### [WORK ITEM]
Set down only the lines from the one containing "Kids United - Tout" through the final line of the entries below, exactly as they stand, with no pictures.

[Brief descriptive captions]
++++

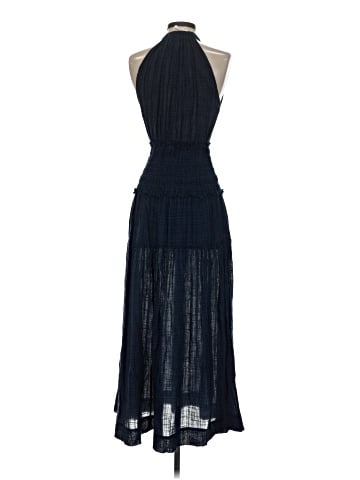 Apiece Apart Cocktail Dress (view 2)
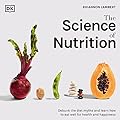 Clear and Informative Book on Nutrition
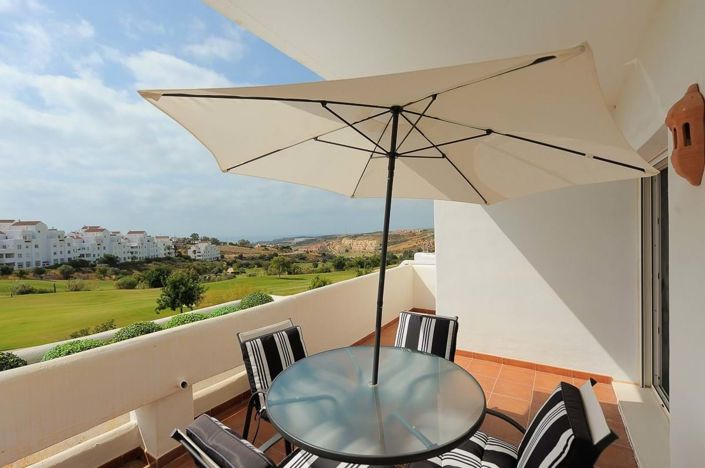 Image No.3-2 Bed Apartment for sale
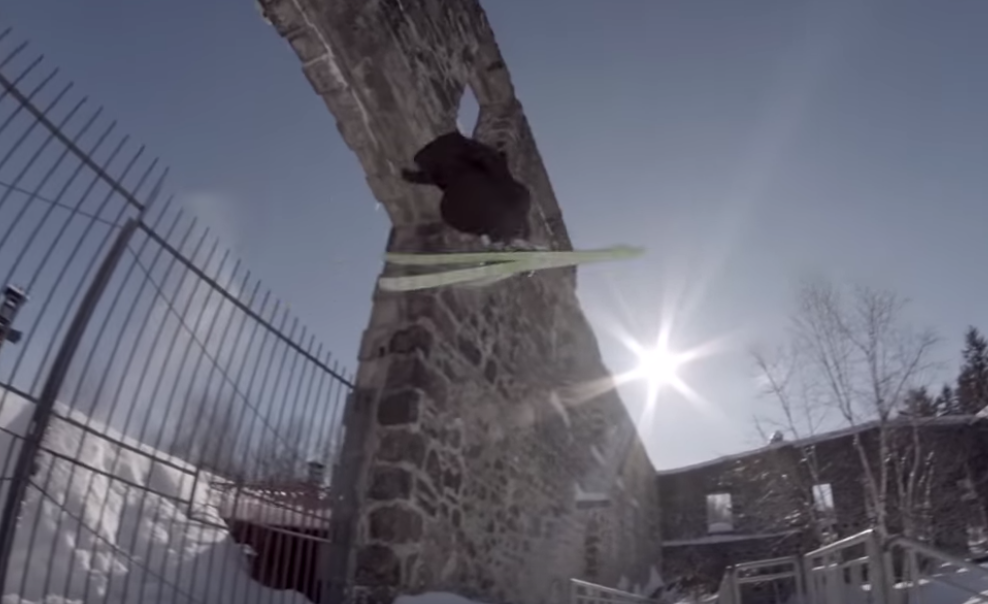 Good Company Vice Versa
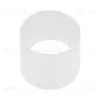 Кольцо антибликовое Arlight LGD-ANTIGLARE-RING-R85 (WH) 046758 046758 - 1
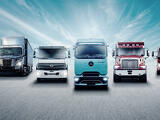 A Daimler Truck tömeges elbocsátásra készül Németországban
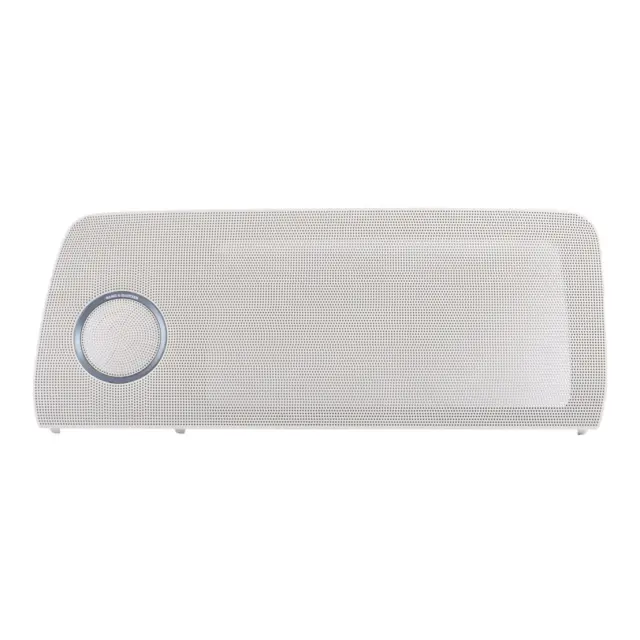 globalparts3-1233811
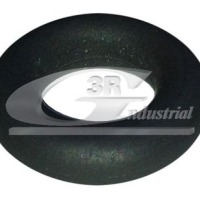 Junta de retén radial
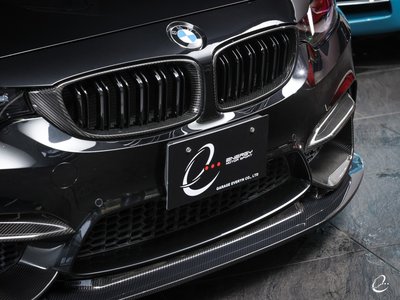 2020 BMW M4 COUPE — миниатюра 30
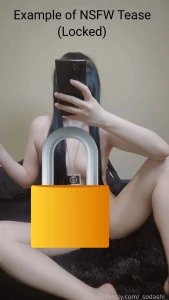 The soda amp sushi menu has been revamped revamp included better part 1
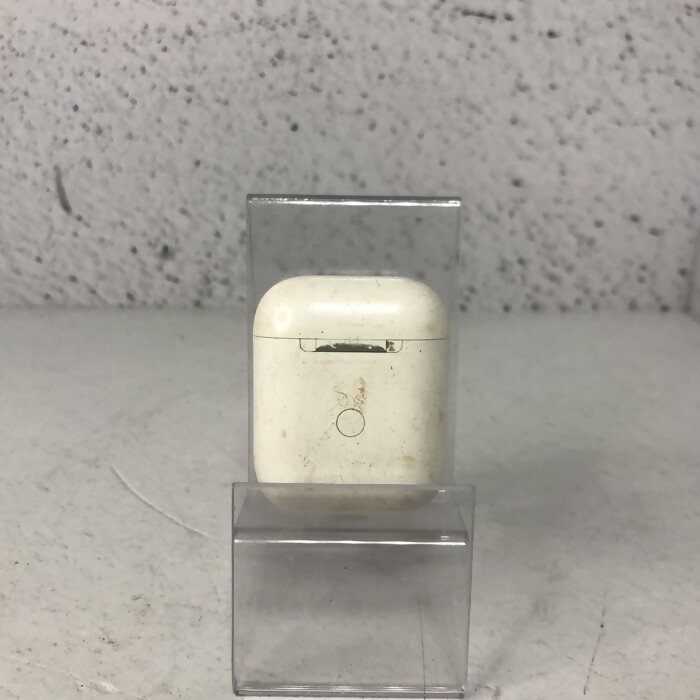 Беспроводные наушники Apple AirPods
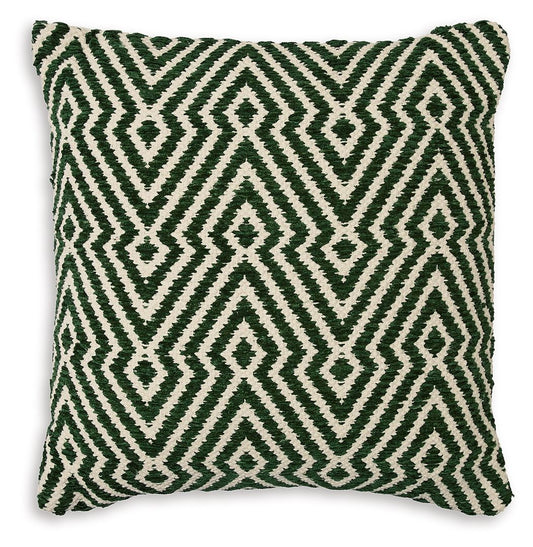 Digover - Pillow by Ashley – Throw Pillows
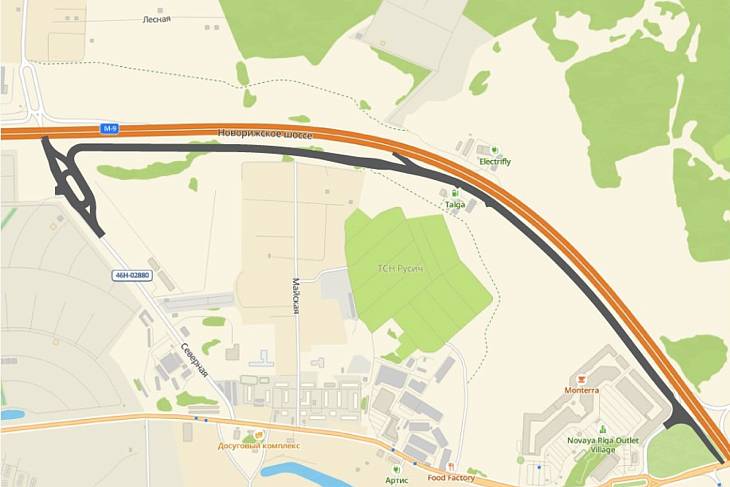 � ����� �������� ������ ������������ ����� 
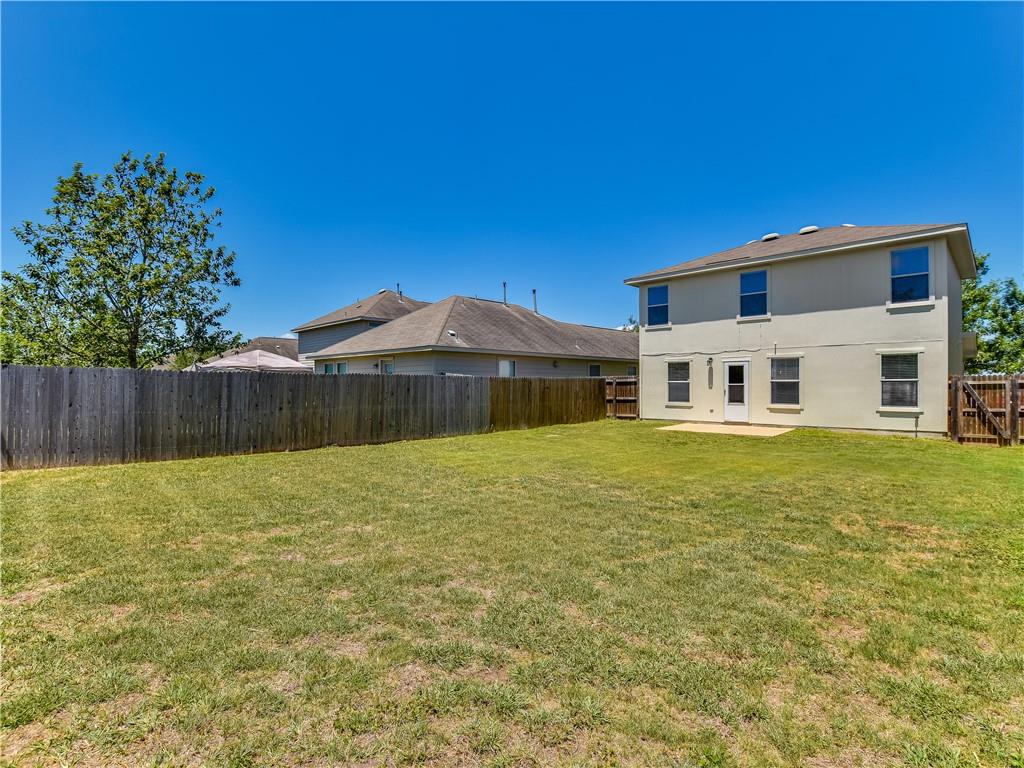 1172 Shadow Creek Blvd Property Photo 25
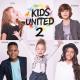 Kids United - Tout le bonheur du monde - Ensemble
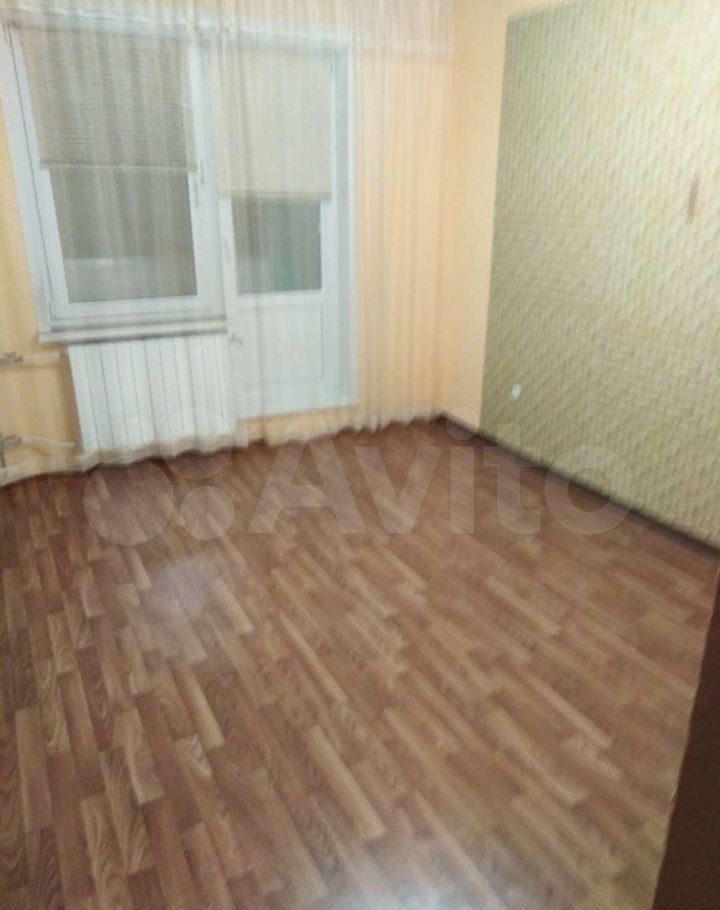 Продажа двухкомнатной квартиры Щелково, улица Неделина 6, цена 5100000 рублей, 2023 год объявление №785509 на megabaz.ru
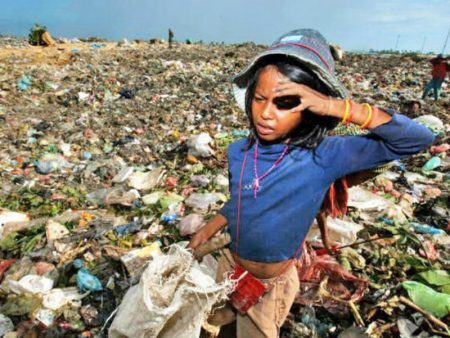 Curta vencedor de vários festivais, Ilha das Flores é uma das indicações como material de referência para os participantes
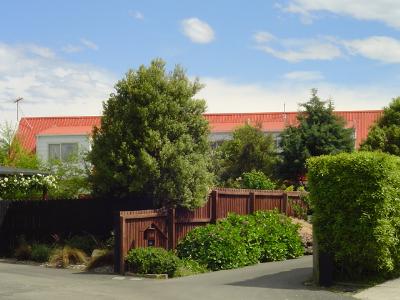 14 Van Dieman Close, Templeton, Christchurch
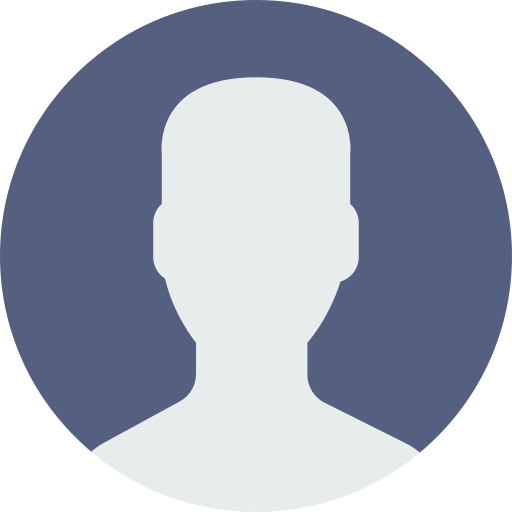 abogados penalistas Madrid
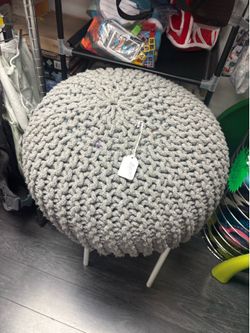 Cushion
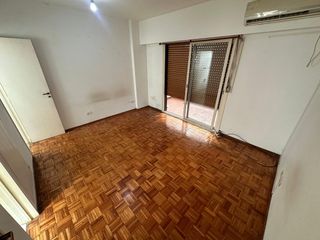 Foto 7 de VENTA DEPTO MONOAMBIENTE CON PATIO VILLA URQUIZA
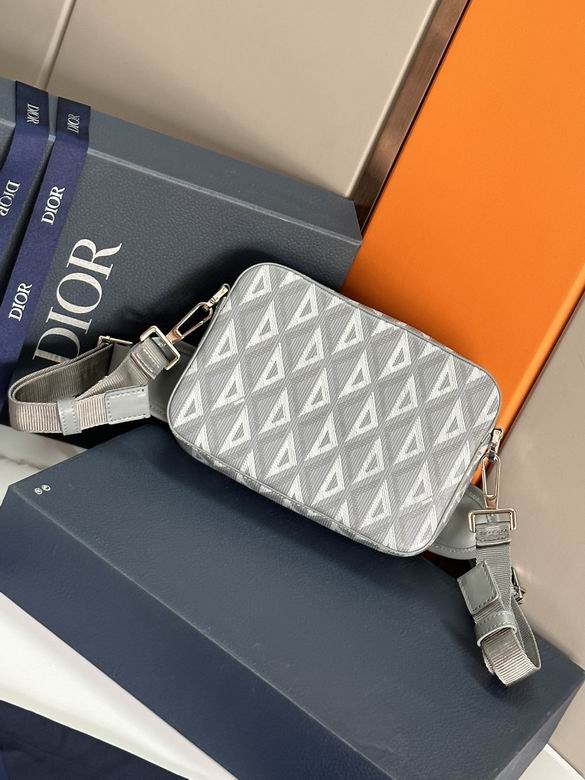 93307 22X15X6cm XM 2colour (12)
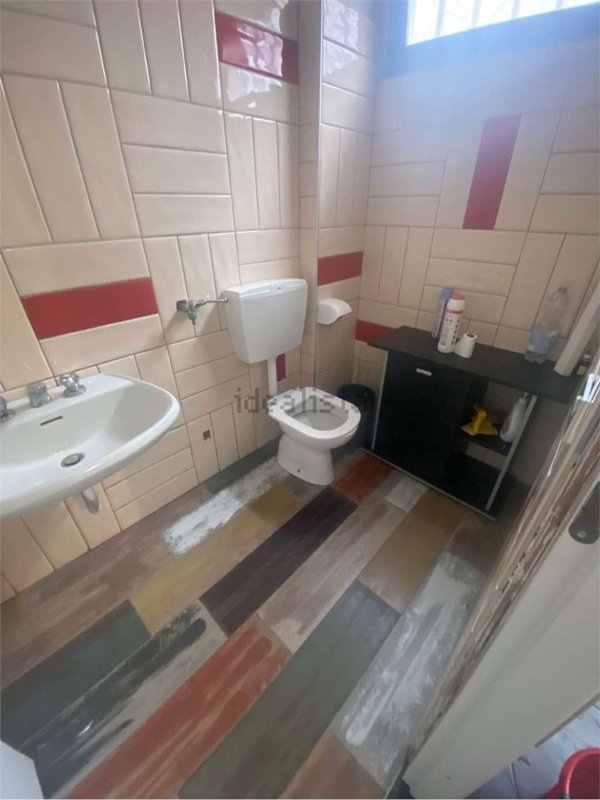 appartamento in affitto a Modena in zona Amendola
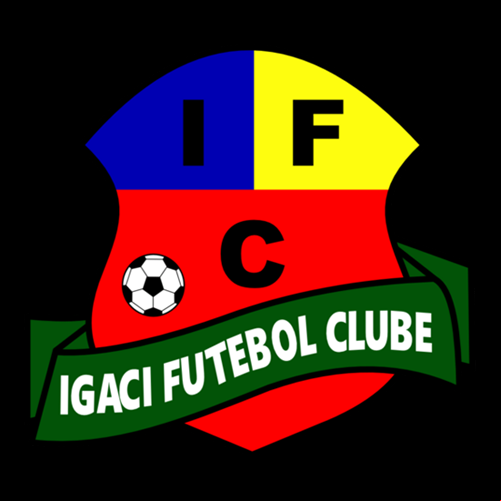Igaci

++++

### [SOLUTION TO THIS PROBLEM]
 Kids United - Tout le bonheur du monde - Ensemble
 Продажа двухкомнатной квартиры Щелково, улица Неделина 6, цена 5100000 рублей, 2023 год объявление №785509 на megabaz.ru
 Curta vencedor de vários festivais, Ilha das Flores é uma das indicações como material de referência para os participantes
 14 Van Dieman Close, Templeton, Christchurch
 abogados penalistas Madrid
 Cushion
 Foto 7 de VENTA DEPTO MONOAMBIENTE CON PATIO VILLA URQUIZA
 93307 22X15X6cm XM 2colour (12)
 appartamento in affitto a Modena in zona Amendola
Igaci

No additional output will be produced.